La Caisse de Crédit mutuel GIVORS produit l’historique du crédit et un décompte de créance en date du 13 septembre 2024. Pour déterminer les sommes dues par Monsieur [G] [F], il convient de se reporter à la date de déchéance du terme, celui-ci étant alors redevable du capital restant dû, outre le montant des mensualités échues impayées, soit la somme de 38467,43 euros. Au titre de l’indemnité de résiliation, la Caisse de Crédit mutuel de GIVORS sollicite la somme de 2970,96 euros. Or cette indemnité est fixée à 8% du capital restant dû soit la somme de 2639,79 euros (8% de 32997,34).
Ainsi, Monsieur [G] [F] sera condamné à payer la somme de 41438,39 euros, outre intérêts au taux conventionnel de 5,070% à compter du 14 septembre 2024.
La Caisse de Crédit mutuel GIVORS sera déboutée de sa demande de condamnation aux cotisations d’assurance de 0.50% en l’absence de précisions sur cette demande et de dispositions contractuelles en ce sens.
Sur les autres demandes
Sur les dépens
Aux termes de l’article 696 du code de procédure civile, la partie perdante est condamnée aux dépens, à moins que le juge, par décision motivée, n’en mette la totalité ou une fraction à la charge d’une autre partie.

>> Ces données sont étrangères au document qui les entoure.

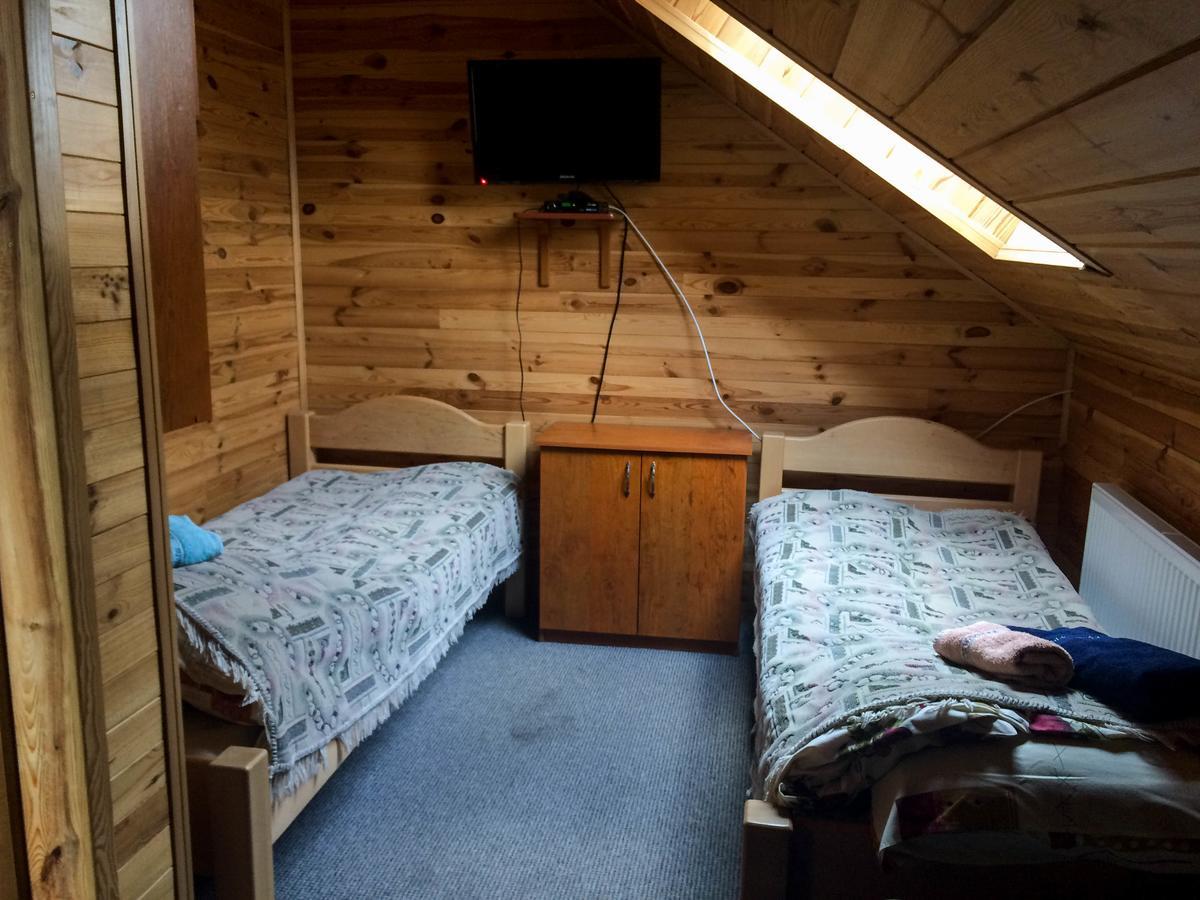Пивовар Motel Verkhovyna Bagian luar foto
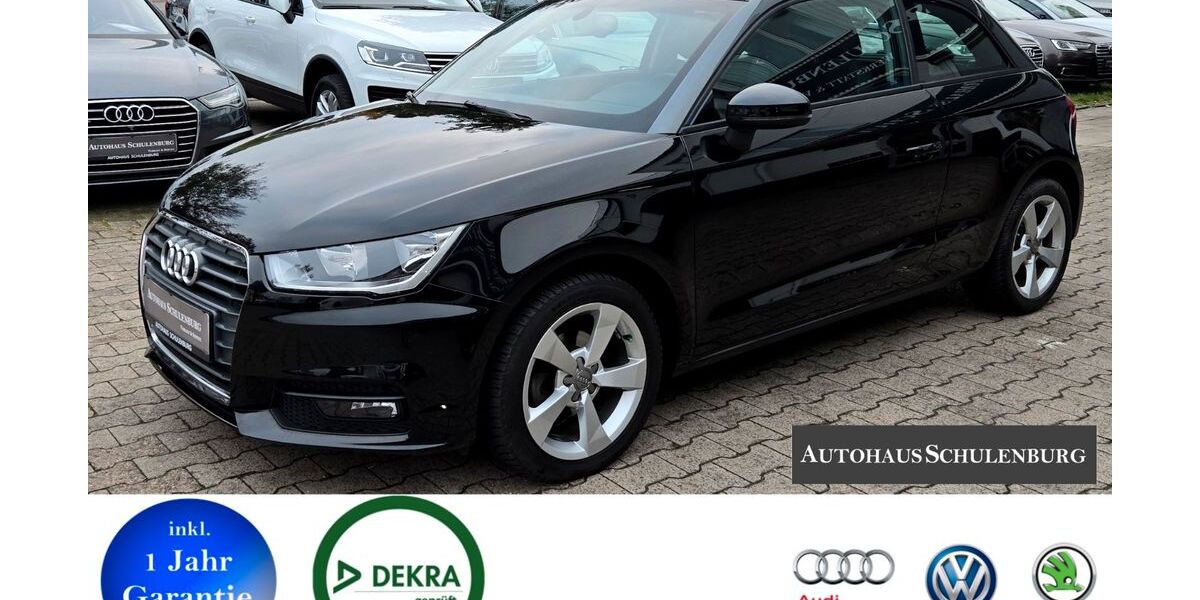 Audi A1 94.903 km 12.499 € Hannover 30165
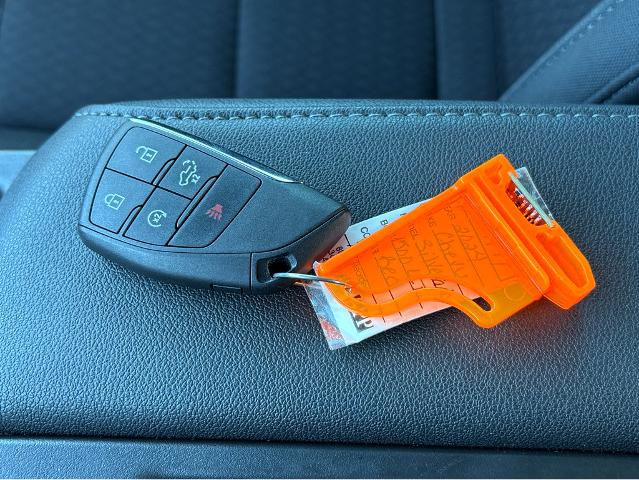 2024 Chevrolet Silverado 1500 Vehicle Photo in BEAUFORT, SC 29906-4218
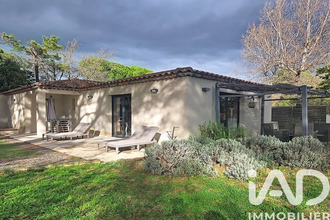 achat maison vidauban 83550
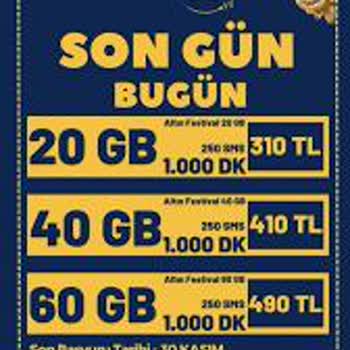 Altın Festival Tarifesinde Fiyat İndirimi Mağduriyeti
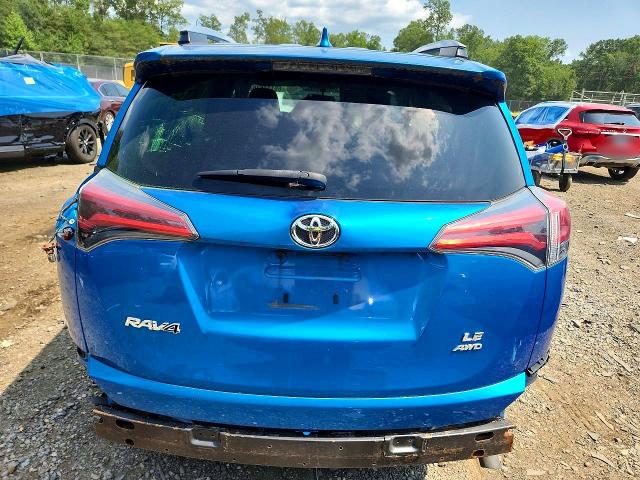 Foto 6 de la subasta – 2016 TOYOTA RAV4 con VIN 2T3BFREVXGW481946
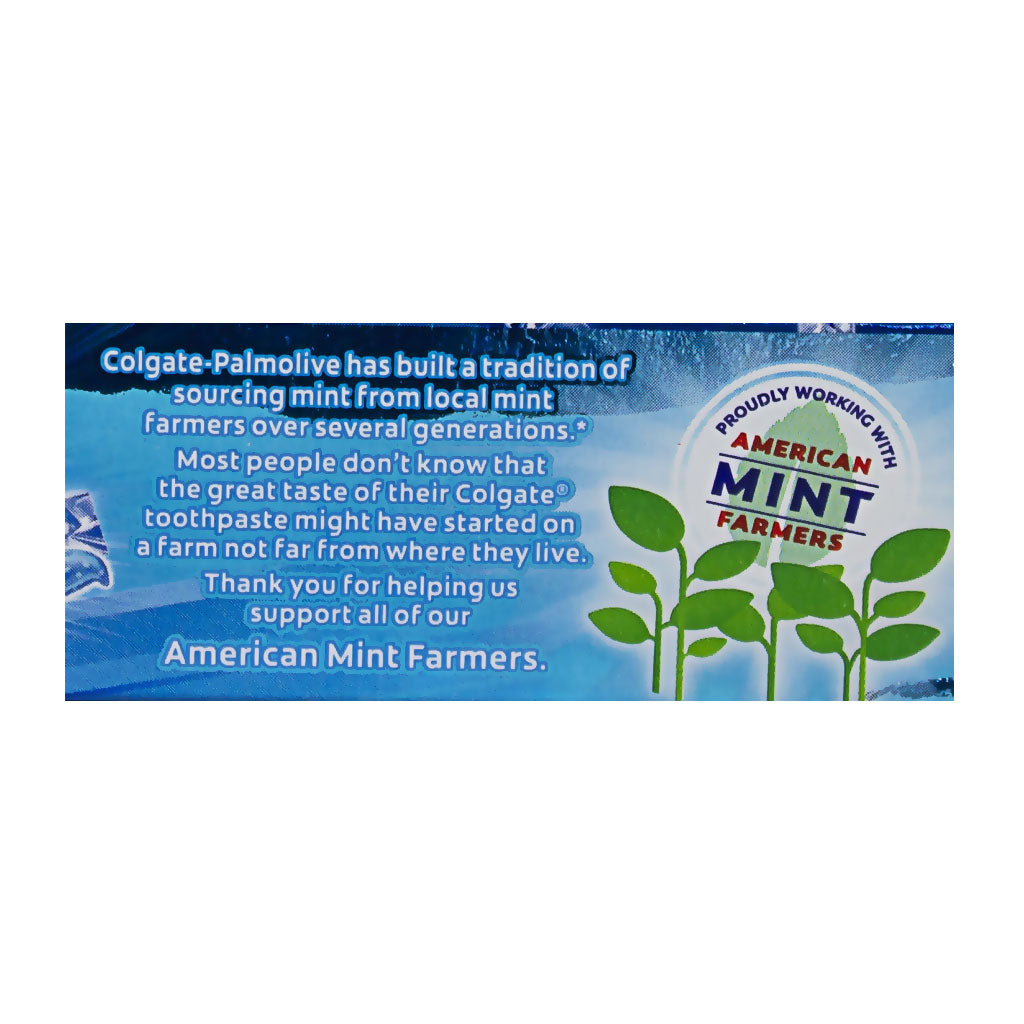 Wholesale Colgate Max Fresh Cool Mint Toothpaste - 1 oz. – Weiner's LTD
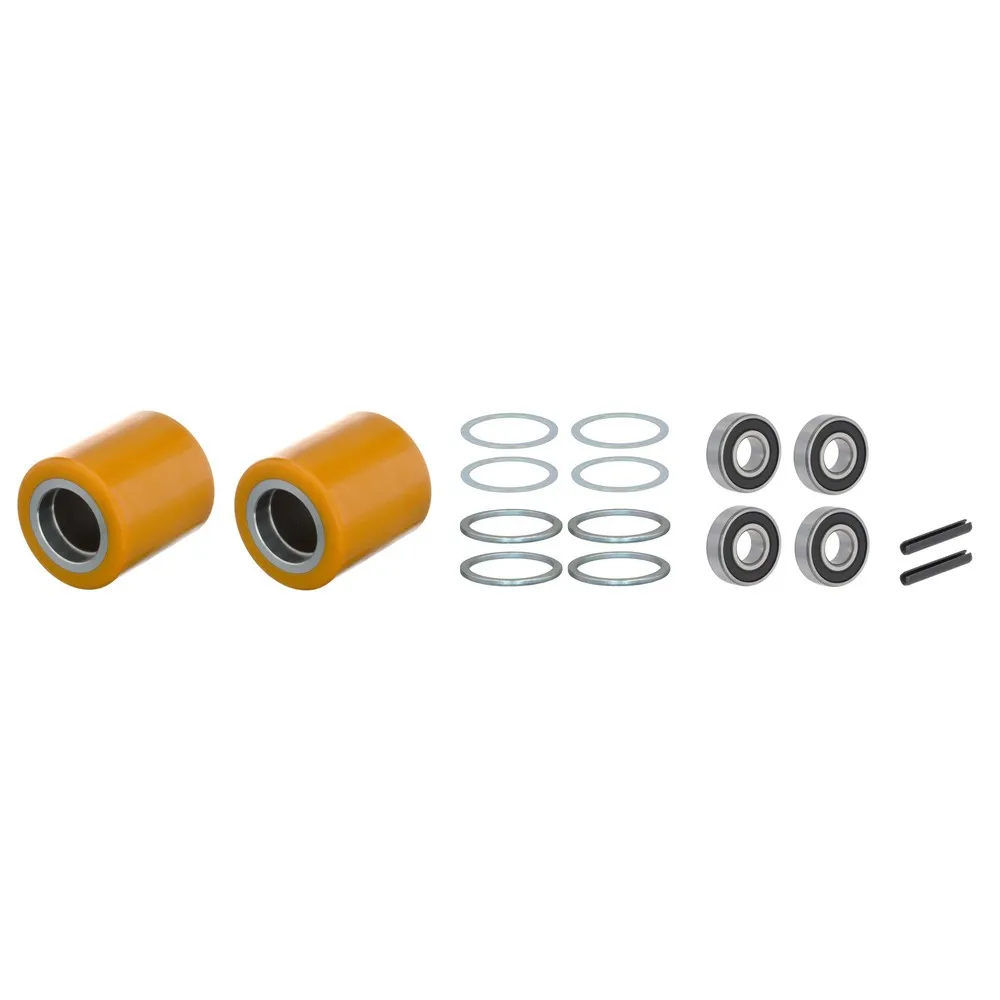 Self-Service-Kit für Elektro-Hochhubwagen Ameise® PSE 1.2 - Lastrollenwechsel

En l’espèce, Monsieur [G] [F] sera condamné aux entiers dépens.
Sur les frais irrépétibles
Aux termes de l’article 700 du code de procédure civile, le juge condamne la partie tenue aux dépens ou qui perd son procès à payer à l’autre partie la somme qu’il détermine, au titre des frais exposés et non compris dans les dépens. Dans tous les cas, le juge tient compte de l’équité ou de la situation économique de la partie condamnée. Il peut, même d’office, pour des raisons tirées des mêmes considérations, dire qu’il n’y a pas lieu à ces condamnations.
En l’espèce, l’équité commande de dire n’y avoir lieu à condamnation sur ce fondement.
Sur l’exécution provisoire
En application de l’article 514 du code de procédure civile, la présente décision est exécutoire de droit par provision.
PAR CES MOTIFS,
Le juge des contentieux de la protection, statuant publiquement, par jugement réputé contradictoire, en premier ressort, mis à disposition au greffe,
CONSTATE la déchéance du terme du contrat de crédit renouvelable consenti le 9 août 2023 par la Caisse de Crédit mutuel GIVORS à Monsieur [G] [F] pour un montant de 40.000 euros,
CONDAMNE Monsieur [G] [F] à payer à la Caisse de Crédit mutuel GIVORS la somme de 41438,39 euros, outre intérêts au taux conventionnel de 5,070% à compter du 14 septembre 2024;
DEBOUTE la Caisse de Crédit mutuel GIVORS de sa demande de condamnation à 0,50% de cotisations d’assurance,
DIT n’y avoir lieu à condamnation sur le fondement de l’article 700 du code de procédure civile, et déboute la Caisse de Crédit mutuel GIVORS de ses demandes à ce titre,
CONDAMNE Monsieur [G] [F] aux dépens,
RAPPELLE que la présente décision est exécutoire de plein droit par provision.